Loaves and fish, almost 40 years later, that “little bit” multiplied to roughly 10 million lb. of rice.
Unheralded Donors
In quick time, Garrett and his farmer group were delivering four to five loads of rice per year to the HFB. The logistics caught up to Garrett in 1999: “Just being able to keep up with donations was difficult. I created Share the Harvest Foundation (STH) and generally all we give goes to the Houston Food Bank, except for things like hurricane relief or an earthquake in South America.”

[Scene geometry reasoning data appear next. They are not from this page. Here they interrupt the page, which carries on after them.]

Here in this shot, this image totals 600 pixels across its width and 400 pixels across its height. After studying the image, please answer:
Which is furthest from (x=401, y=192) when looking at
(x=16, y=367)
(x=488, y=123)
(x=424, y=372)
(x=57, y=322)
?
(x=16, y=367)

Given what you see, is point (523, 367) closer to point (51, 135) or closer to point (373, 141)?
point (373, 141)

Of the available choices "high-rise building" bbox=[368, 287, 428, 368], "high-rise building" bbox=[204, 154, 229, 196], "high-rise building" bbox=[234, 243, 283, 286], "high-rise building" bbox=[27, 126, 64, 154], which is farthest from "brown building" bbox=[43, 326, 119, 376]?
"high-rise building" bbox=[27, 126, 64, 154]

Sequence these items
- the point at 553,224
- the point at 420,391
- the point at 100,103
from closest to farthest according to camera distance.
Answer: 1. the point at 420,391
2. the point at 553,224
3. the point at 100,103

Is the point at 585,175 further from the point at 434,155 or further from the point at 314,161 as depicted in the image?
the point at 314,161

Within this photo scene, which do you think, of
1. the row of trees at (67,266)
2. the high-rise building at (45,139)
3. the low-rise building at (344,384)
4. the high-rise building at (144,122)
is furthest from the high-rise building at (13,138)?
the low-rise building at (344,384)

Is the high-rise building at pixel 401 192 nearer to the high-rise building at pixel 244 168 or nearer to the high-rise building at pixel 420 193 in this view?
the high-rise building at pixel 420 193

The list of unheralded donors and contributors is “incredible,” Garrett emphasizes. “We’re able to give 42,500 lb. of milled rice to the food bank every six weeks. Last year we were able to provide 10 million servings of rice to the food bank. That’s only because so many people help and charge nothing. So many incredible people and businesses that don’t ask for any attention.”
After donation of fertilizer, chemicals, seed, transport, aerial application, and much more, STH only paid for water costs from Gulf Coast Water Authority in 2021, thanks to the combined efforts of: Rice-Tec, BASF, Texana Seed Co., UPL, Syngenta, FMC, Garrett Flying Service, Lissie Flying Service, Colorado County Rice Mill, Simplot, American Plant Food, Shimek Farms, Lower Colorado River Authority, Valent, Gowan, Eagle Lake Rice Dryers, Corteva, Winfield United, Jacko & Nancy Garrett Farms, VP Serodino, Klinka Lollar, John Lollar, Susan Baker, Wiese Crop Insurance, and Northwoods Presbyterian Church.

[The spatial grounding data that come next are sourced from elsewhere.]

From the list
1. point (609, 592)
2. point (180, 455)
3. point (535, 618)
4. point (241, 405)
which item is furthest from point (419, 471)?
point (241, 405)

“Gina Maness is our contact for Share the Harvest, and she can be reached at gmaness@garrettfarms.com for any donation inquiries,” Garrett details.
Maness describes Garrett as “a man of faith who believes wholeheartedly in the importance of sharing blessings,” but the Texas rice grower responds with a heavy dose of self-deprecation. “I’m only a guy who puts his britches on one leg at a time like everyone else, loves farming, and is grateful for everything I’ve been given. I promise you any farmer with any crop can do what we’ve done. Believe it.”
Sow and Reap
Looking to the future, Garrett hopes farmers in other states can initiate food programs fueled by barter, such as corn, pinto beans, or most any crop for a rice trade. “There’s so many avenues to go down,” he notes. “You can get a bunch of farmers in your area to donate a single acre each of corn or any crop, then sell the grain and donate the money to your local food pantry. Nobody ever has to go through us; you can do everything in your county or state. You’ll be amazed by how much food you can get on the table.”
Stamped in bold onto each of his business cards, Galatians 6:7 is Garrett’s guide. In the 1990s, Garrett visited fellow rice producer Sherman Cullum in Fisher, Ark., and spotted the verse printed on Cullum’s seed sacks: As a man soweth, so shall he reap. “I asked Sherman, ‘Could I use that verse?’ and he replied, ‘It’s God’s verse, not mine.’ From that point, Galatians 6:7 became my farm motto. How could I be given the gift of farming and believe anything else?”
What does the future hold for Garrett and his rice crusade? “I’m gonna keep the ball rolling to promote this program because I’ll be forgotten in time like everyone else, but people will always remember a helping hand. See, the Lord has done all of this and I just played a tiny role that could have been filled by anyone. I’m just a guy who loved to grow rice.”